I woke up this morning in a mood more sombre than celebratory. What are we truly celebrating? Today, the struggles for India’s freedom are a fading memory kept alive by selective recounting on social media—a contested history with new heroes and villains prompted by a reappraisal of our colonial past and instigated or motivated forgetting that allows space for narratives more aligned with the prevailing dominant political persuasions.
As we gathered in our apartment complex this morning for flag-hoisting, patriotic songs and customary speeches, the thought uppermost was how easily the hard-fought freedoms can be frittered away.
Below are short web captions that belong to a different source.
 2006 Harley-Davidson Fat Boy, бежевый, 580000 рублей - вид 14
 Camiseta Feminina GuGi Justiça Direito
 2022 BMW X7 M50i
Is our freedom and independence a mere historical fact or an abiding reality that we hold as precious and invested in, barricaded from malign actors and influences?
I went over how much I take for granted, and for which I am grateful—that I may acquire and fulfill wants, for the roof over my head, to eat the food I like, to wear the clothes I feel good in, to profess my faith, to express, to question, to move around, to pursue opportunity, to access healthcare, to mingle freely…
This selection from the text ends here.